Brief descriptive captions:
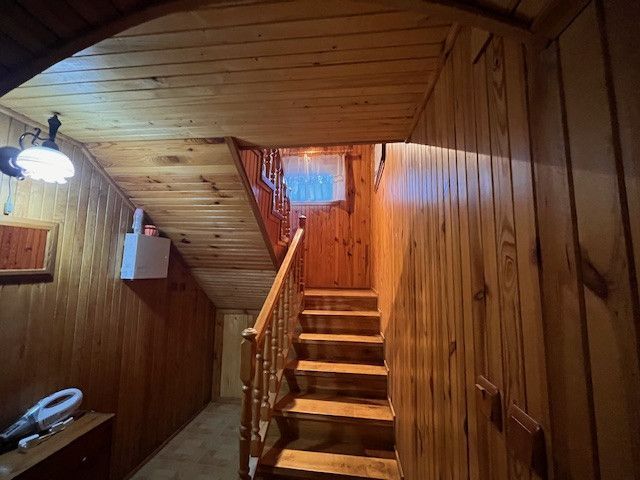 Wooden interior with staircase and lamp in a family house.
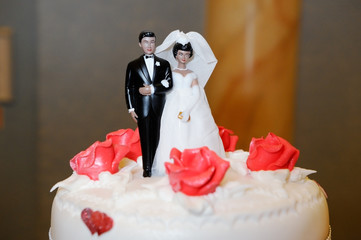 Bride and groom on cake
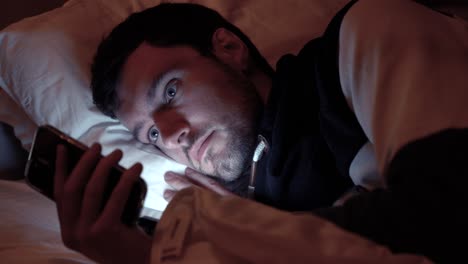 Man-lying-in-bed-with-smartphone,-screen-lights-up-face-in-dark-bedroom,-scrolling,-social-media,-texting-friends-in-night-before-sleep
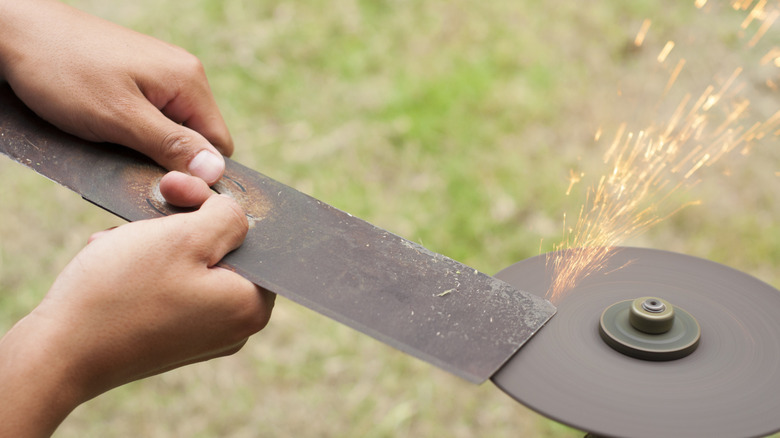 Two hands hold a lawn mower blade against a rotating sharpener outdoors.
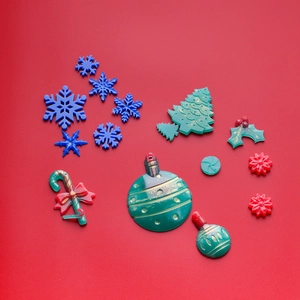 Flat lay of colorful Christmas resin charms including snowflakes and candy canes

» Task description
After removing the pictures, repeat the remaining records exactly.

» Response box
 Wooden interior with staircase and lamp in a family house.
 Bride and groom on cake
 Man-lying-in-bed-with-smartphone,-screen-lights-up-face-in-dark-bedroom,-scrolling,-social-media,-texting-friends-in-night-before-sleep
 Two hands hold a lawn mower blade against a rotating sharpener outdoors.
 Flat lay of colorful Christmas resin charms including snowflakes and candy canes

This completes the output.